Data listing:
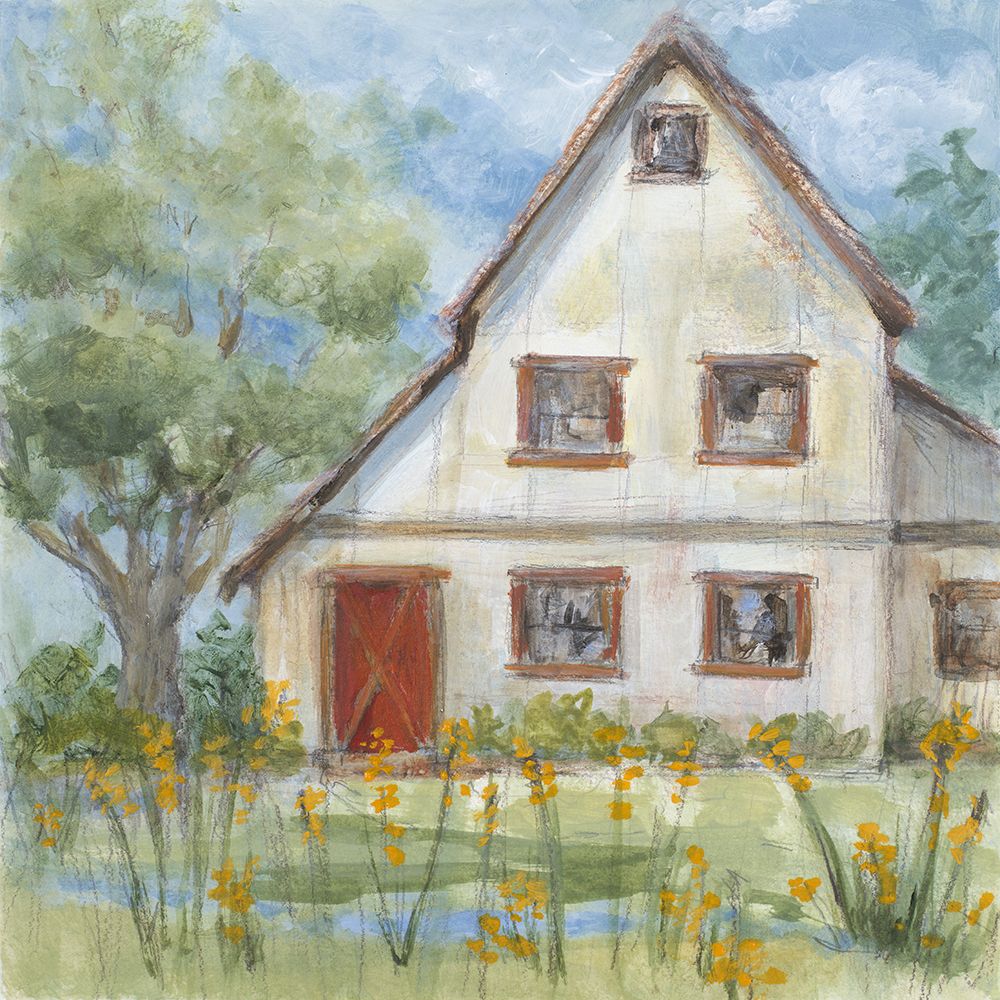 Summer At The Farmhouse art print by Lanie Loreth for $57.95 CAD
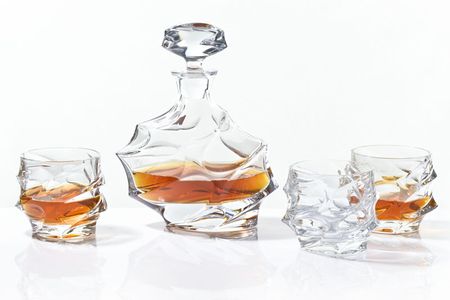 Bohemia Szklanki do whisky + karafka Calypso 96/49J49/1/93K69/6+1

--

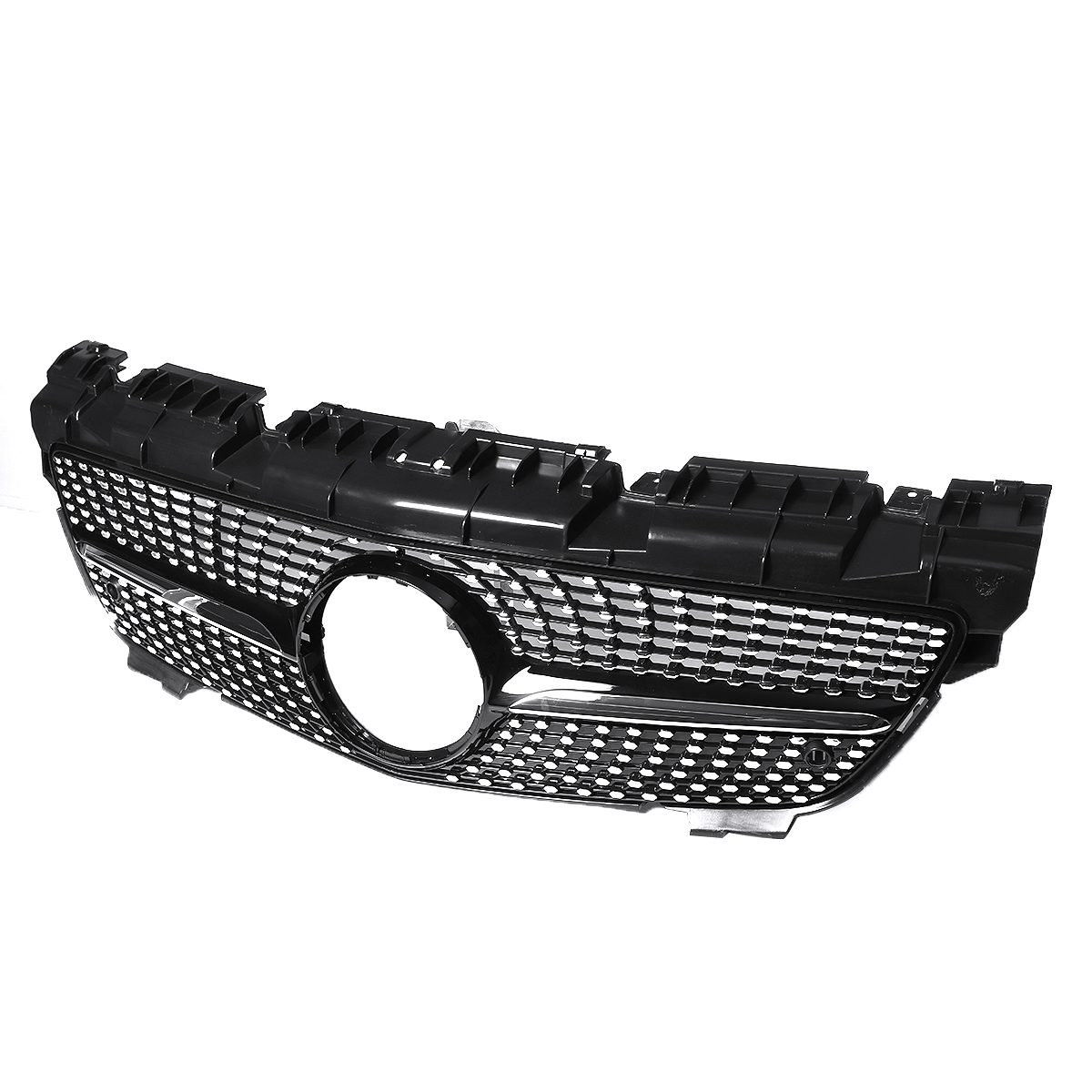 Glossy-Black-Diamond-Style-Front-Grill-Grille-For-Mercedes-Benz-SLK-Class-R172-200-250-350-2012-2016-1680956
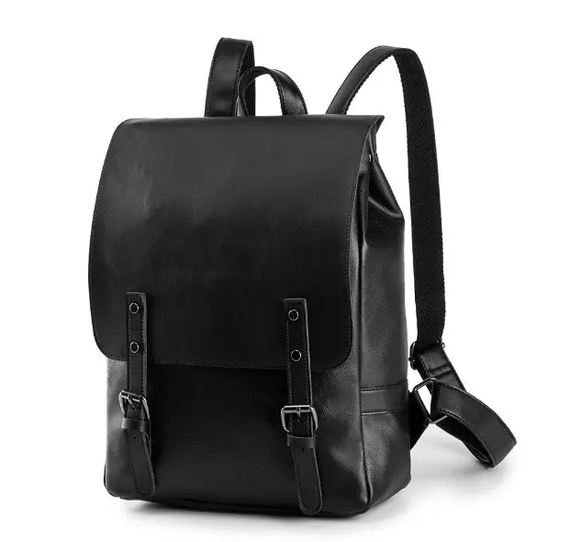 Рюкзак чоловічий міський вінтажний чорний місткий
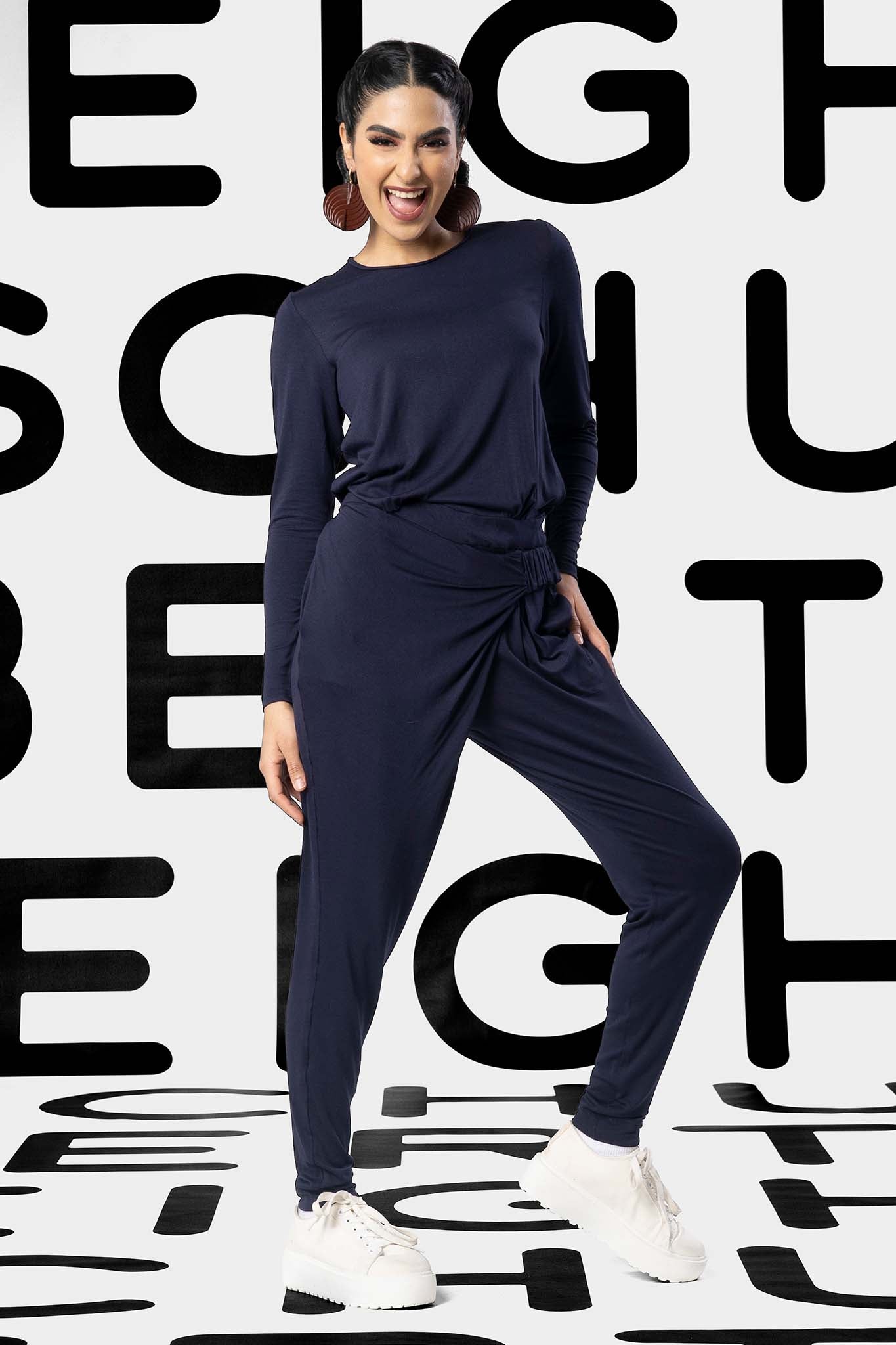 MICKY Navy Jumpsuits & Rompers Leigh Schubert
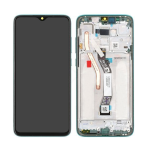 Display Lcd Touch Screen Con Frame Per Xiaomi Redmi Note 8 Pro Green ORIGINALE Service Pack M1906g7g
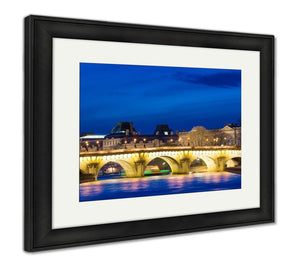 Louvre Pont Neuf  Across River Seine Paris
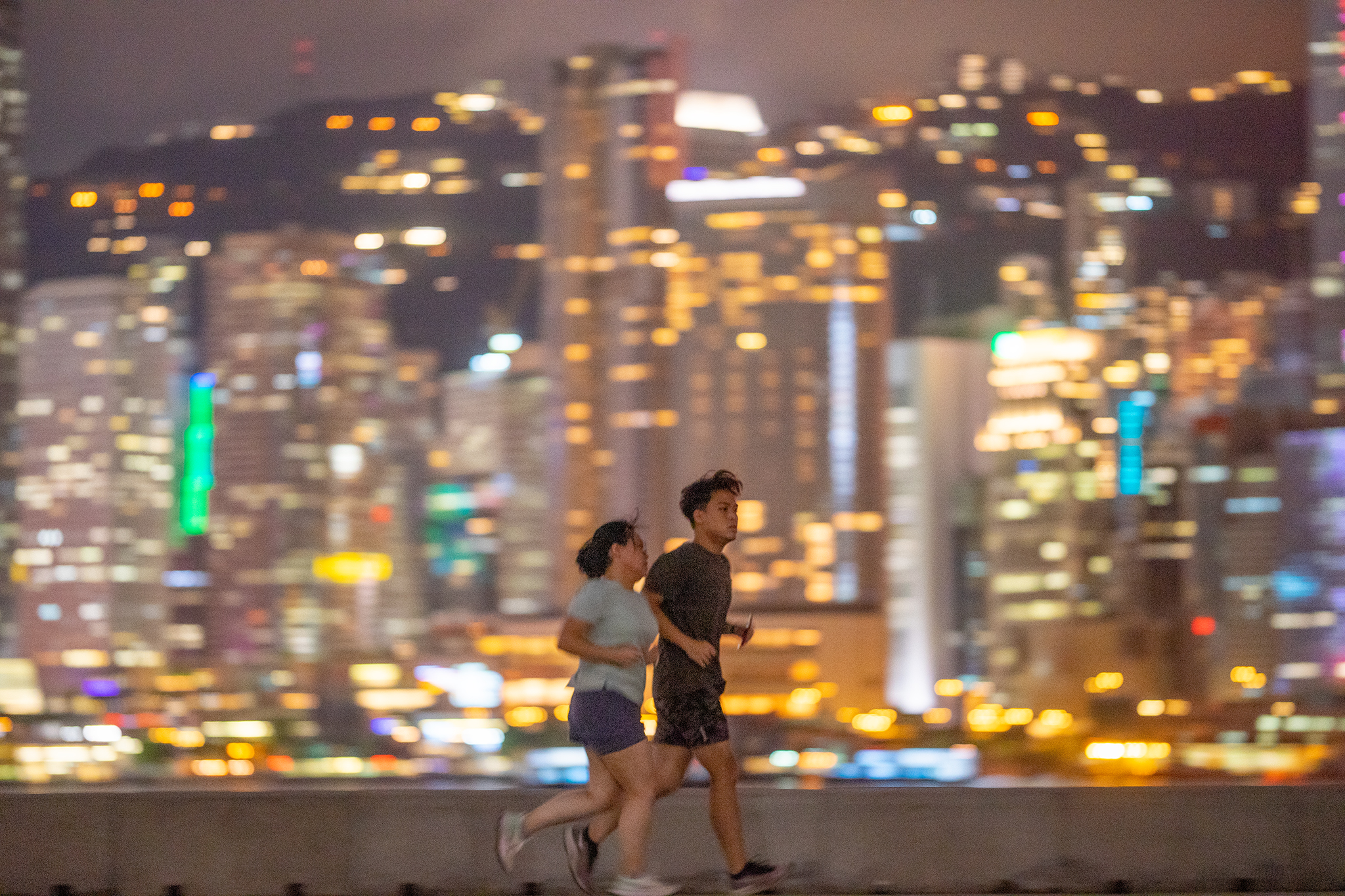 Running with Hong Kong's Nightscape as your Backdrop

Exercise brief: Pictures in the material above should be skipped; print exactly the lines from the one with "Summer At The" through the one with "Bohemia Szklanki do".

Exercise answer:
 Summer At The Farmhouse art print by Lanie Loreth for $57.95 CAD
 Bohemia Szklanki do whisky + karafka Calypso 96/49J49/1/93K69/6+1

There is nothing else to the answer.